Says "come on in, make yourself at home!" to nesting birds and animals. Pests can, not only cause physical harm to humans (especially when surprised by you!), but they can also cause significant damage to your home. Their nests can block the flue, which can contribute to dangerous back-puffing, carbon monoxide poisoning, and chimney fires. No one wants their family exposed to that. Along with these dangers, animals nested in chimneys are noisy and can carry diseases so be sure to keep animals and birds outside where they belong!

Allows rain and snow to enter your chimney, which leads to moisture damage and expensive repairs.

Of any of the elements, water causes the greatest damage to your chimney. It soaks into porous bricks, eats away at the mortar, accelerates the deterioration of your chimney liner, and damages the mortar crown on the top of your chimney. A chimney cap does a great job of protecting your chimney from water damage. For maximum chimney protection we recommend a multi-flue cap. That's because a multi-flue cap covers the entire chimney, not just one flue.

Creates a fire hazard as burning embers and sparks escape through the open chimney and land on your roof or in your yard.

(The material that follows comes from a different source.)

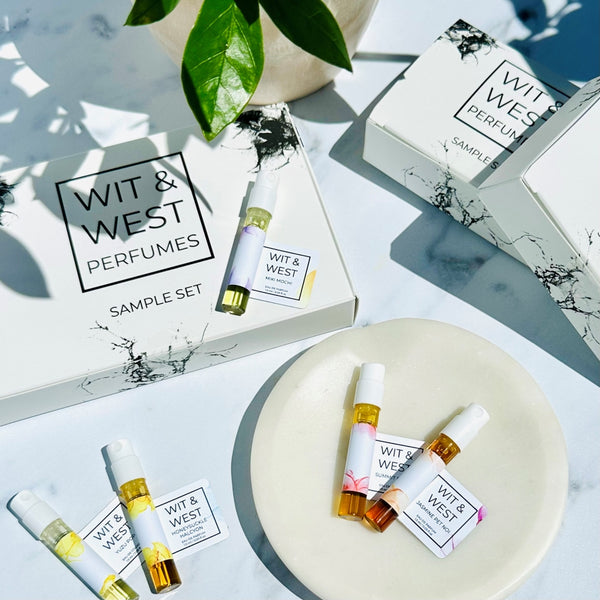 WIT & WEST CUSTOMIZABLE SAMPLE SET (CHOOSE 5 SAMPLES)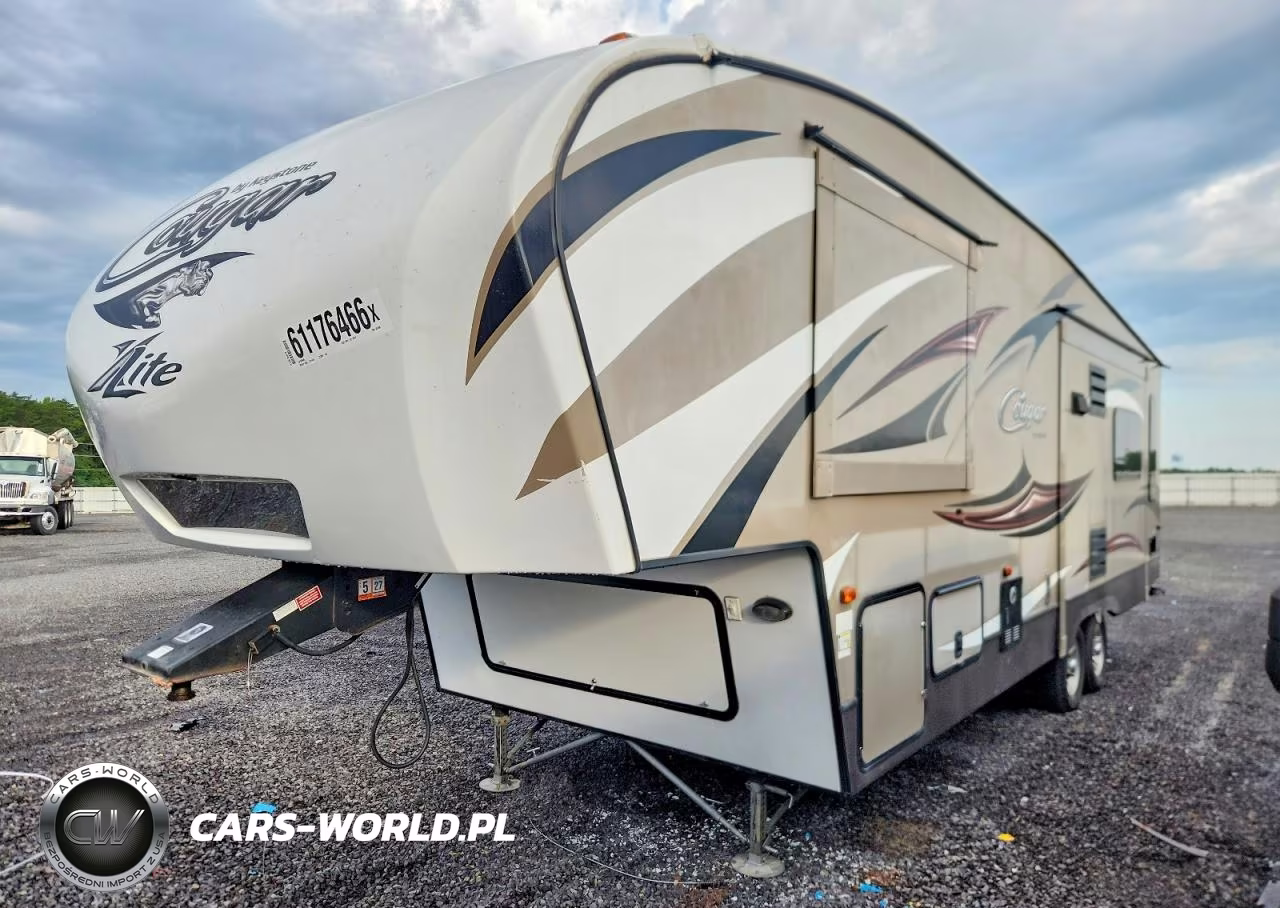 2015 Cougar 28Sgs VIN:4YDF28S24F2505986 - 2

The outside of my chimney looks fine, so everything is OK, right?

You can tell a lot about a book by its cover. However, until you actually look inside you will not know everything about the story contained on the pages inside. In much the same way, the outside of a chimney can tell you a lot about the status of your flues, but it may not tell you the whole story. A trained look within can reveal things that can often go unnoticed by homeowners and untrained technicians. Have you had your chimney inspected by a CSIA Certified Technician lately?